_Try it_
Transcribe, exactly and without pictures, the lines below from the line with "Timestream Navigator (RIX) (59) / Foil" to the line with "Marci Genuine Leather Boots", both ends included, and no others.

_Data to process_

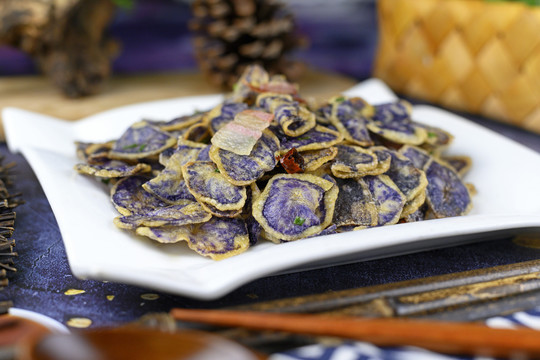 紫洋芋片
---
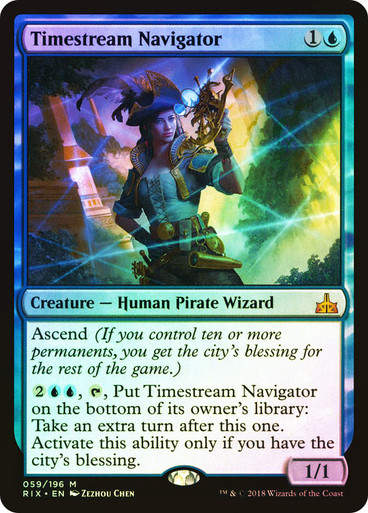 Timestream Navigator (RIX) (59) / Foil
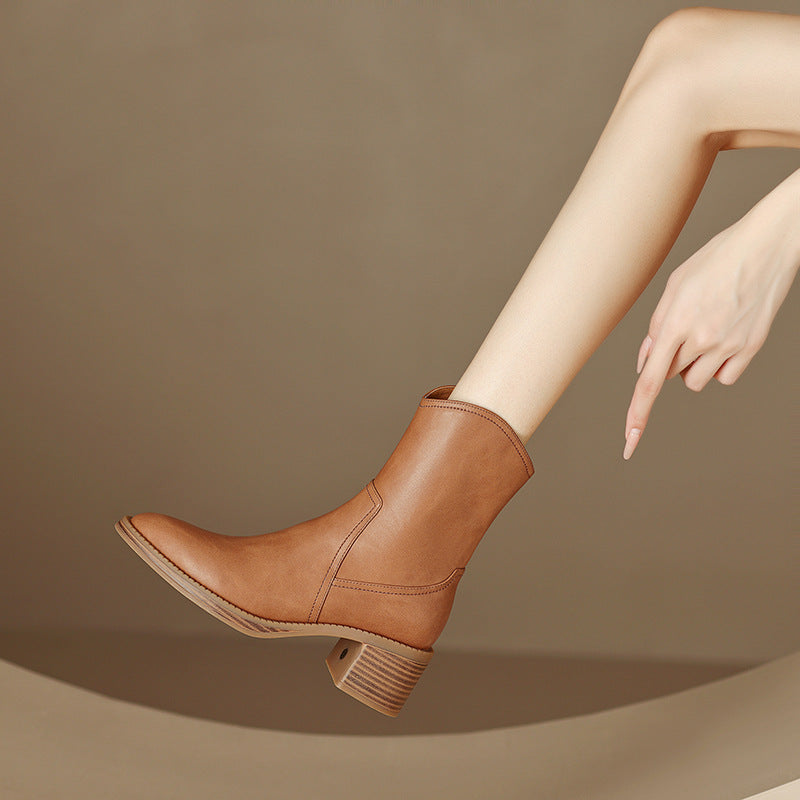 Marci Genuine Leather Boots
---
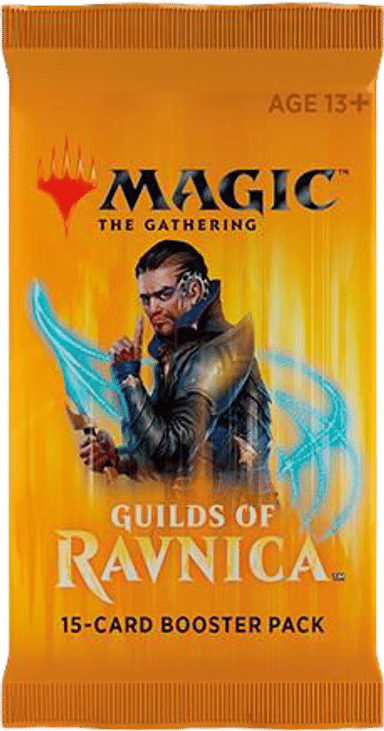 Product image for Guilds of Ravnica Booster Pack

_Your solution_
 Timestream Navigator (RIX) (59) / Foil
 Marci Genuine Leather Boots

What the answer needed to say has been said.